● Records shown:
============

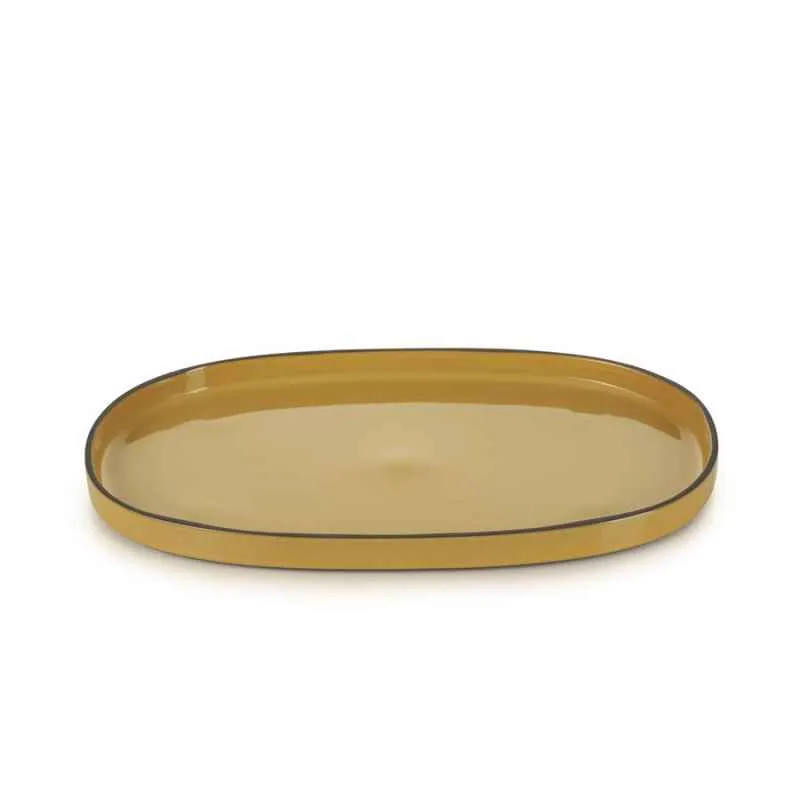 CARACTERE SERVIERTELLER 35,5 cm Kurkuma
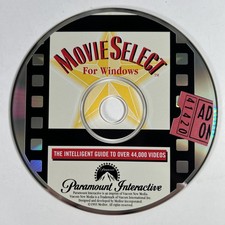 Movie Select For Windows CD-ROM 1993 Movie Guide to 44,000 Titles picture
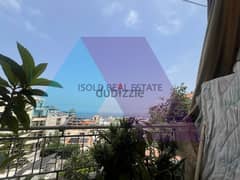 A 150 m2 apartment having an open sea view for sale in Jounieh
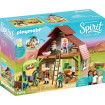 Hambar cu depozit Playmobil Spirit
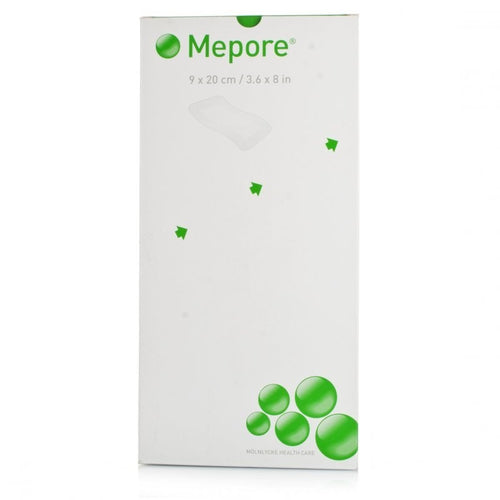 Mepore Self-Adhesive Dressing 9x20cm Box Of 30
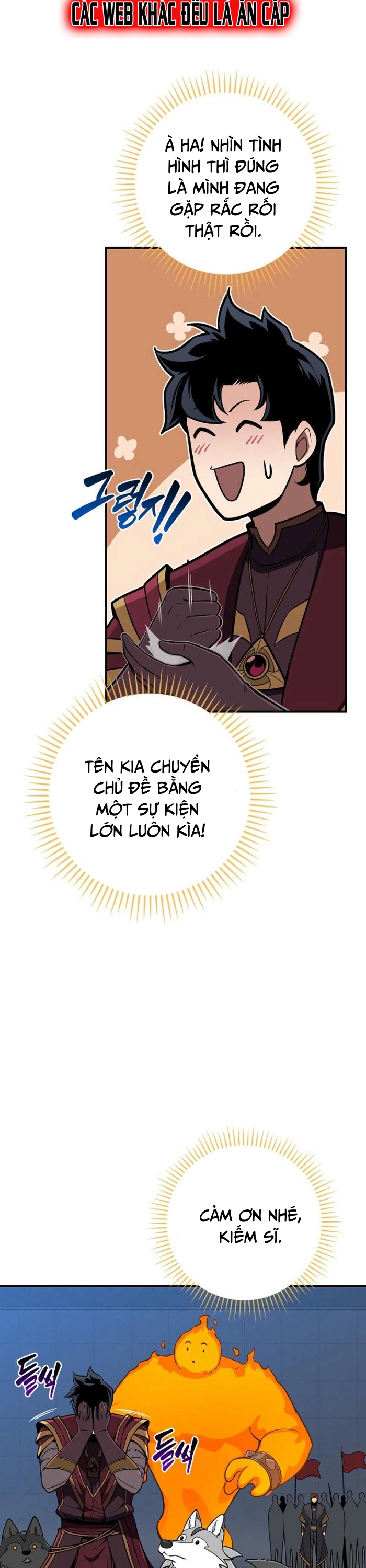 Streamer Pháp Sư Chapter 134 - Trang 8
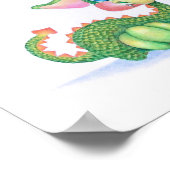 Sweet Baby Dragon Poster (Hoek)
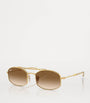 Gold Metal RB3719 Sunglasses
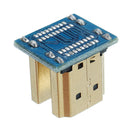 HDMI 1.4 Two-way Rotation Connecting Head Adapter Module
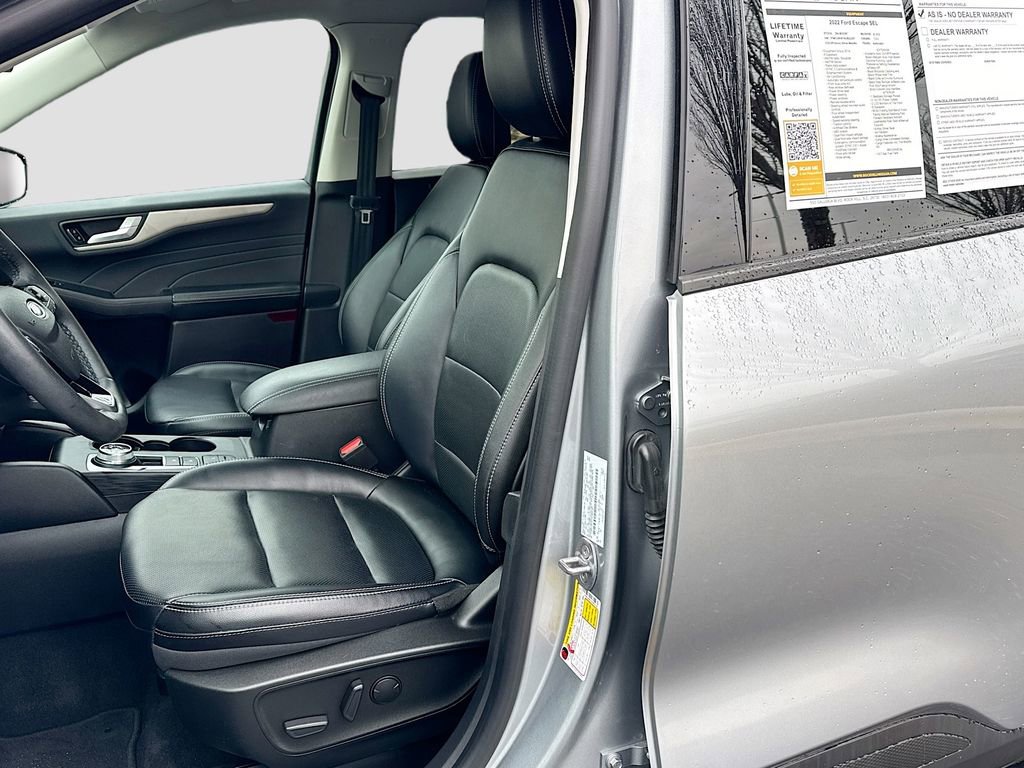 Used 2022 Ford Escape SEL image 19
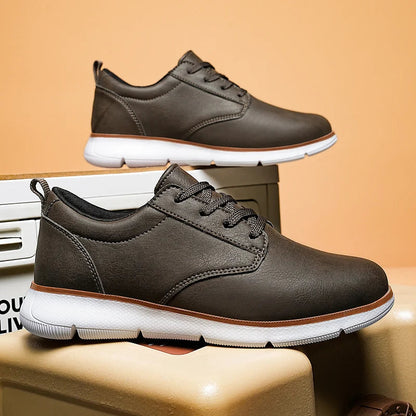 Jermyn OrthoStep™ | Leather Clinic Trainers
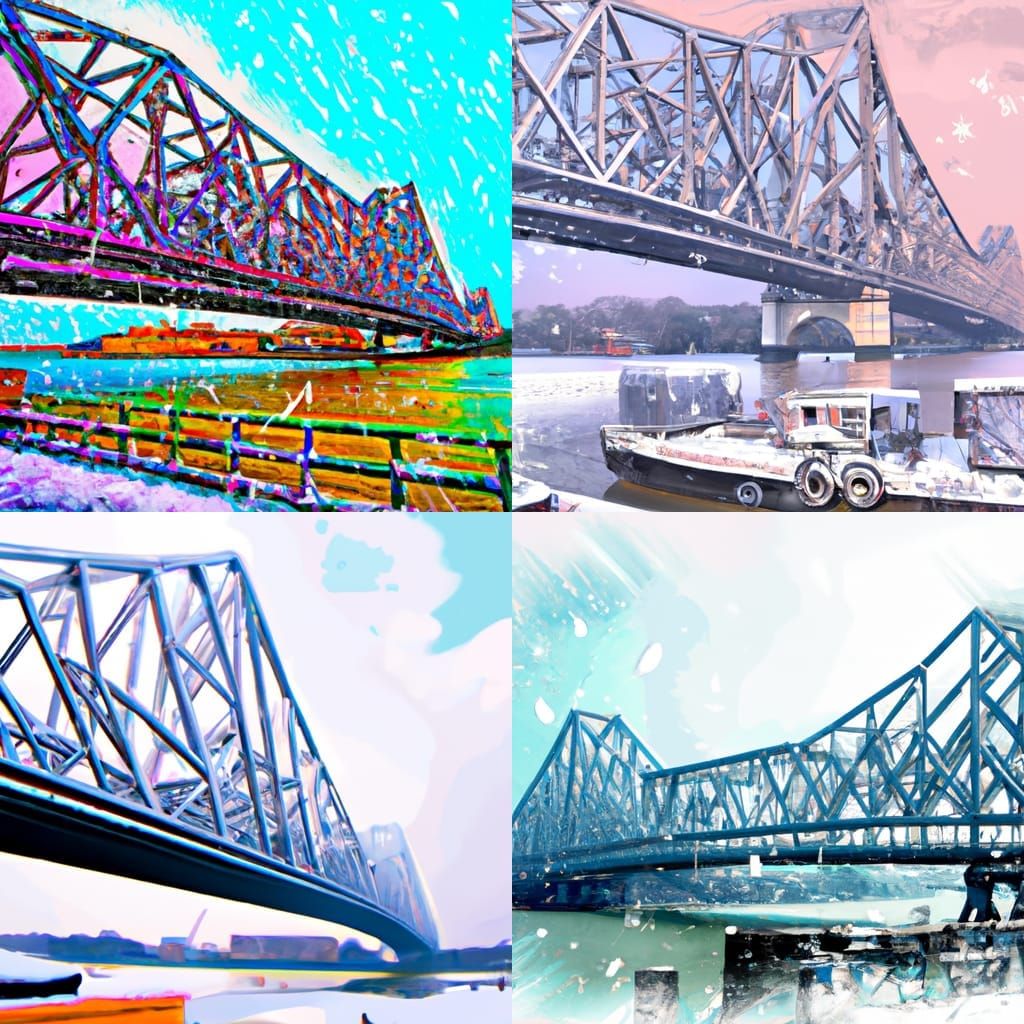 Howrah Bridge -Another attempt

============

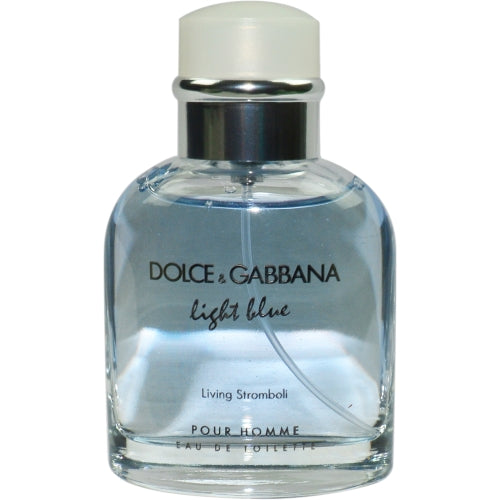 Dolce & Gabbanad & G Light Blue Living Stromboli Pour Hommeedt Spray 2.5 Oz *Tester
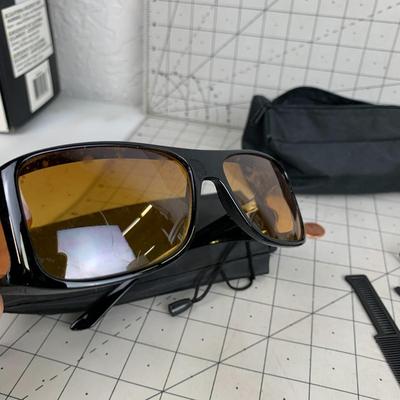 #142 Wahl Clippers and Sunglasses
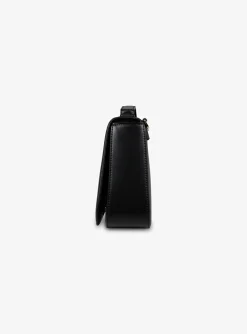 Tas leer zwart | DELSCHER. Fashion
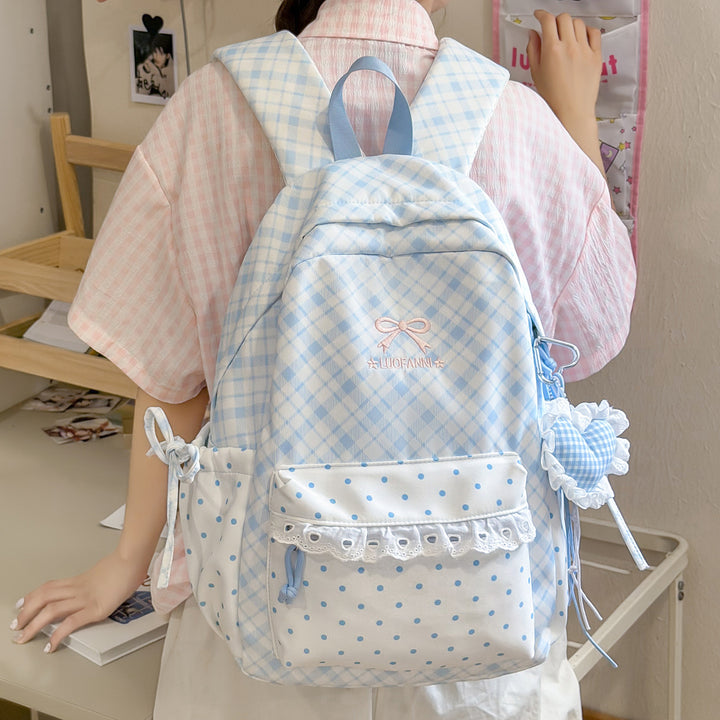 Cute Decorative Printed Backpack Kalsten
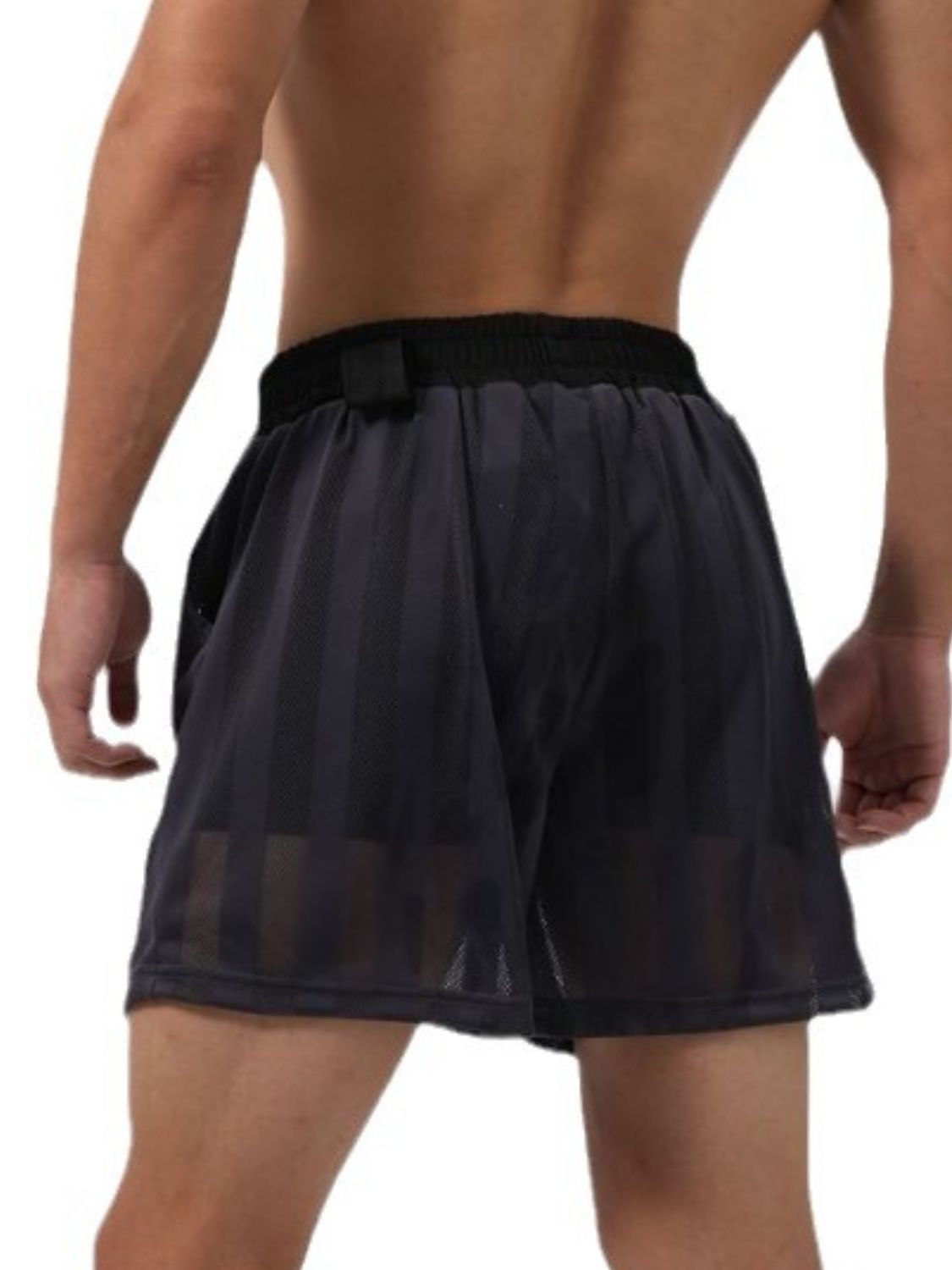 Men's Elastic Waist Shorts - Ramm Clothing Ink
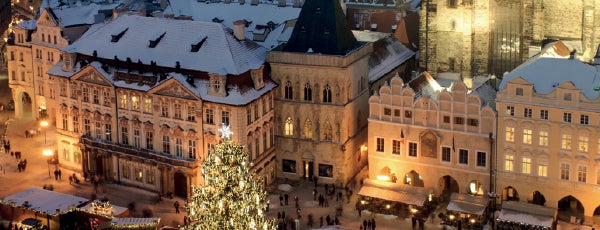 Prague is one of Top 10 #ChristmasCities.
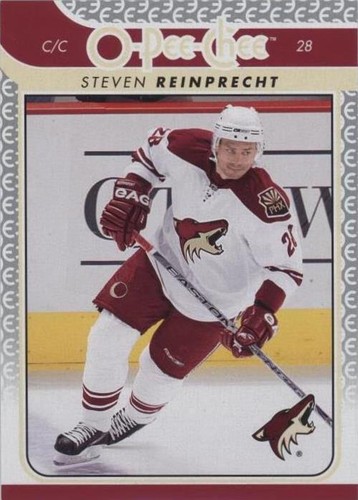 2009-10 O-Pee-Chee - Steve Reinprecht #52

============

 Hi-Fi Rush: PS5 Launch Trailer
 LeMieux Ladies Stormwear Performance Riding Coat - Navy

============

● Task instructions: Print exactly the lines above that run from the one with "A 150 m2 apartment" to the one with "Howrah Bridge -Another attempt", both included. No pictures.

● Written answer:
 A 150 m2 apartment having an open sea view for sale in Jounieh
 Hambar cu depozit Playmobil Spirit
 Mepore Self-Adhesive Dressing 9x20cm Box Of 30
 Streamer Pháp Sư Chapter 134 - Trang 8
 Sweet Baby Dragon Poster (Hoek)
 Gold Metal RB3719 Sunglasses
 HDMI 1.4 Two-way Rotation Connecting Head Adapter Module
 Used 2022 Ford Escape SEL image 19
 Jermyn OrthoStep™ | Leather Clinic Trainers
 Howrah Bridge -Another attempt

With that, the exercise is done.